Sürdürülebilirlik olgusunun somutlaştığı mekân ise; doğal kaynakların başlıca tüketicisi, kirlilik ve atıkların esas üreticisi, teknolojik ve ekonomik büyümenin ise ana kaynağı olarak düşünüldüğünde kentlerdir. Bu bağlamda sürdürülebilir kentleşme anlayışı; ekonomik olarak dinamik ve çeşitlilik gösteren bir kentsel ekonomiyi, sosyal olarak kentsel hizmetlere erişimde toplumsal eşitliği ve çevresel olarak da doğal çevrenin korunması ve iyileştirilmesini gerekli kılar. Bu hedefler çerçevesinde kentsel sorunlar ve ihtiyaçlar yeniden tanımlanmalı, bütüncül bir yaklaşım içerisinde yeniden ele alınarak ekonomik, sosyal ve çevresel öncelikler yeniden sıralanmalıdır.

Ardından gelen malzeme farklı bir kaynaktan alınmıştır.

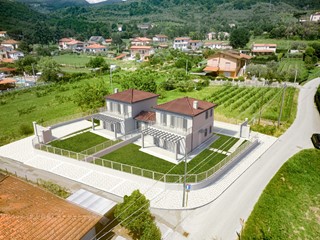 Casa Indipendente in Vendita a Luni, zona luni, 215'000€, 122 m²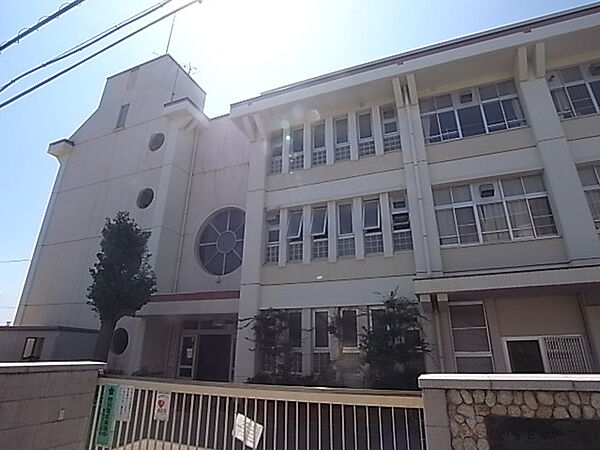 画像2:神戸市立福住小学校
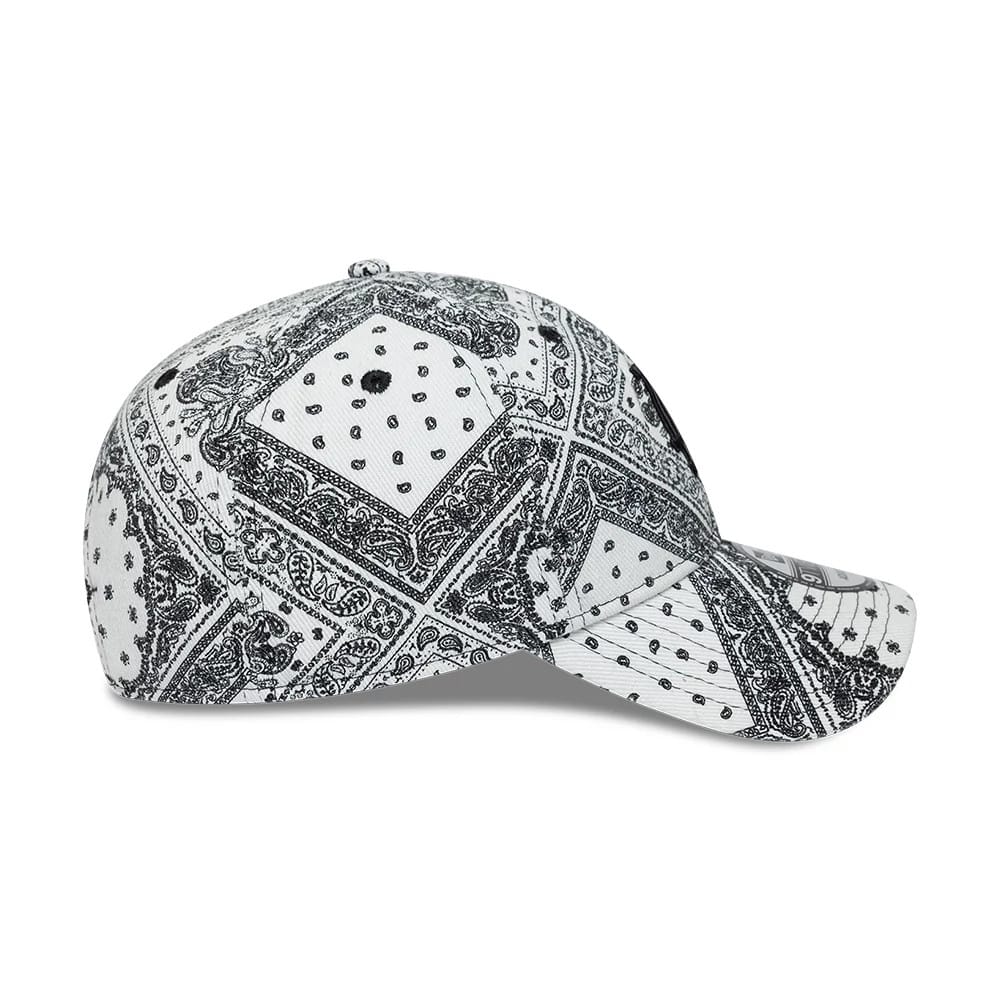 Pictured is this MLB Washed Paisley LA Dodgers 9TWENTY cap in white. 7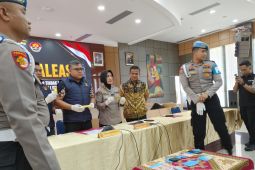Polda Sumbar tangkap WNA India terkait 1,4 kg emas ilegal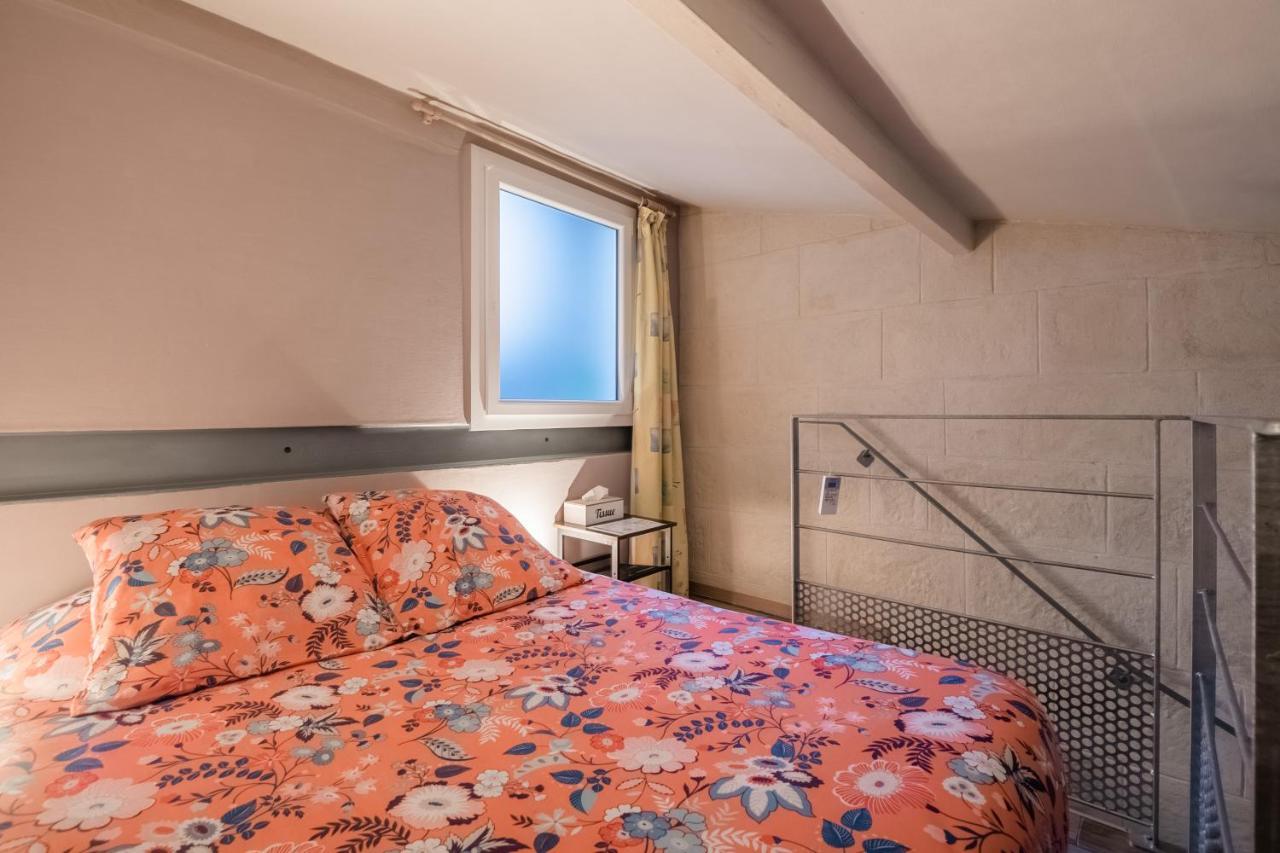 Studio En Duplex-Aircon-Terrasse-Parking-Calme 波尔多 外观 照片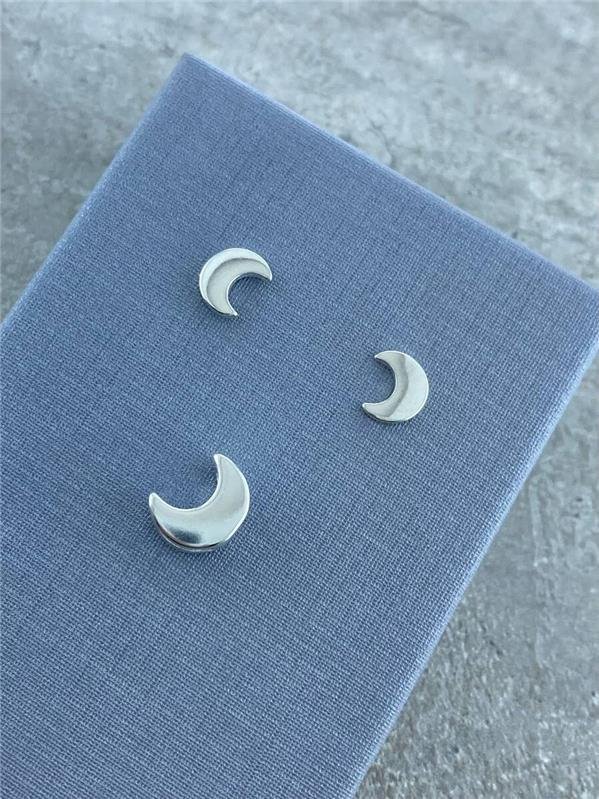 CONJUNTO BRINCO+PINGENTE MEIA LUA LISA 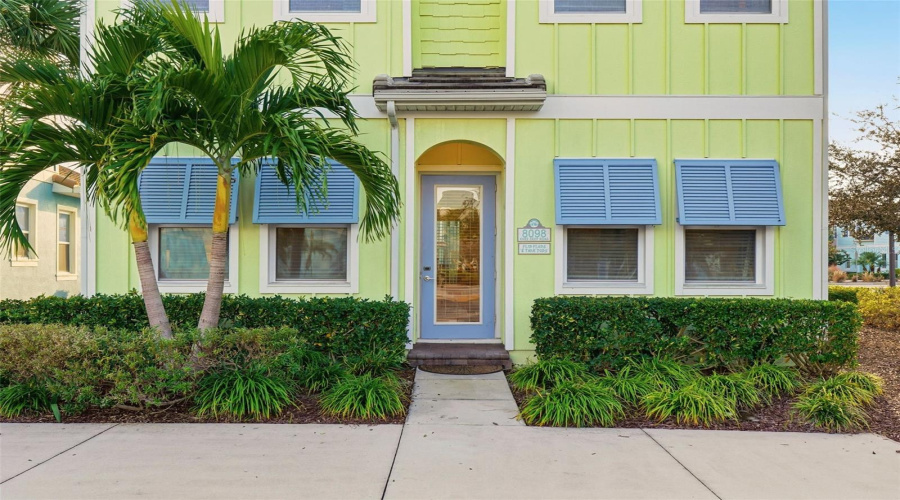 KISSIMMEE, Florida 34747, 5 Bedrooms Bedrooms, ,5 BathroomsBathrooms,Residential,For Sale,KNEE DEEP,0,MFRO6360849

Bütün boyutlarıyla sürdürülebilir kentleşme asıl amaç olarak insanların yaşam kalitesini arttırmayı odak noktasına koyarken, yerel yönetimlerin mekânsal planlama, proje ve bütçe önceliklendirme konularında sağlıklı liderliğinde bu sürecin toplumun bütün kesimlerinin etkin katılımıyla yönetilmesi gerektiğini ifade eder. Mekânsal planlama ise bu süreçte kullanılacak önemli bir araç olarak görünmektedir. Bu veriler ışığında sürdürülebilir kentler yaklaşımı için planlı kentler, sağlıklı kentler ve akıllı kentler olmak üzere birbiriyle bütünleşik üç parçalı genel bir çerçeve çizilebilir. Böylece kentsel yaşam kalitesinin arttırılmasıyla daha nitelikli ve yaşanabilir kentsel alanlar oluşturulabilmesi bağlamında genel ilke ve prensiplerden oluşan bir altlık ortaya konmuş olacaktır.